* What the task asks
Below, find the line containing "Zara Shahjahan | Coco Lawn 25 | BLOOM-1A"; from there to the final line, print every line exactly and skip the pictures.
(Source information)
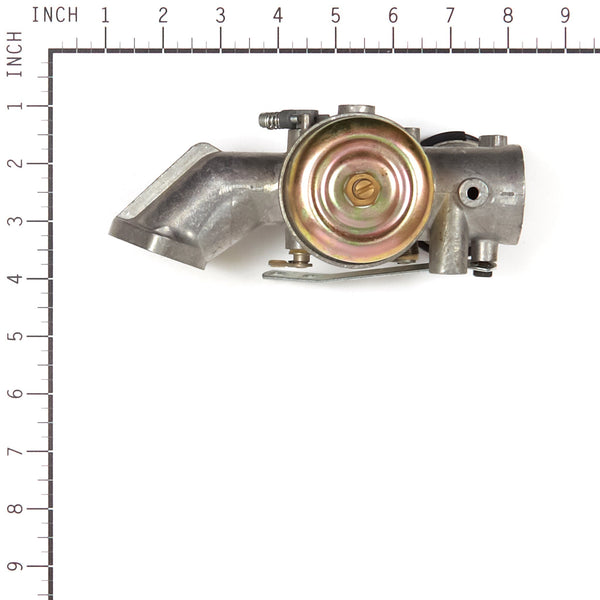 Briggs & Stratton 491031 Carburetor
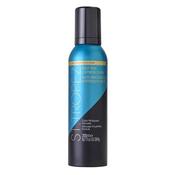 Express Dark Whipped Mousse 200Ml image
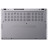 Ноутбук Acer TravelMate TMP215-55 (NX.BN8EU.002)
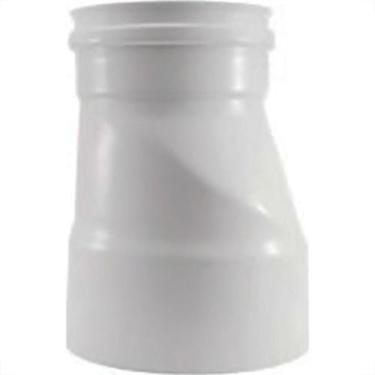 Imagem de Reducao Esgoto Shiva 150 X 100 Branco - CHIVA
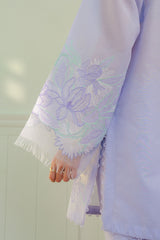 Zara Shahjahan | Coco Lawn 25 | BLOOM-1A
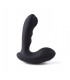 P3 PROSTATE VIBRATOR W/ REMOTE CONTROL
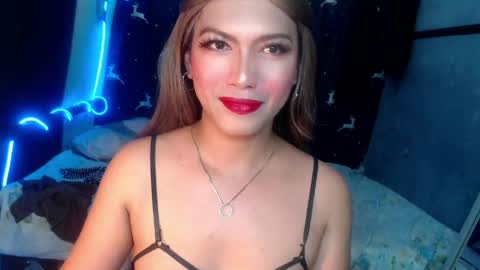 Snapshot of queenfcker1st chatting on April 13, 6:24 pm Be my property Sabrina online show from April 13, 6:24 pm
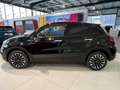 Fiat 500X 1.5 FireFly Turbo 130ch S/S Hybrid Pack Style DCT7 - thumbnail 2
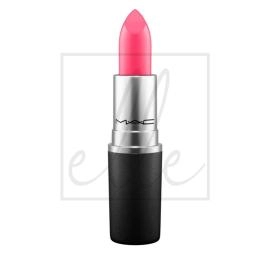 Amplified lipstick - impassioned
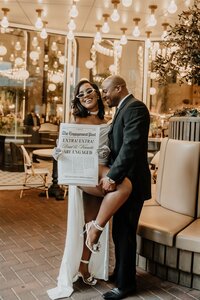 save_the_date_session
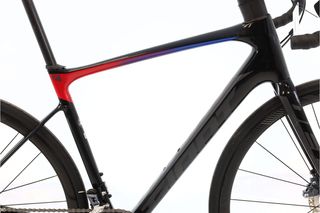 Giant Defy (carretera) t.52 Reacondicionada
(End Source information)
* Exercise solution
 Zara Shahjahan | Coco Lawn 25 | BLOOM-1A
 P3 PROSTATE VIBRATOR W/ REMOTE CONTROL
 Snapshot of queenfcker1st chatting on April 13, 6:24 pm Be my property Sabrina online show from April 13, 6:24 pm
 Fiat 500X 1.5 FireFly Turbo 130ch S/S Hybrid Pack Style DCT7 - thumbnail 2
 Amplified lipstick - impassioned
 save_the_date_session
 Giant Defy (carretera) t.52 Reacondicionada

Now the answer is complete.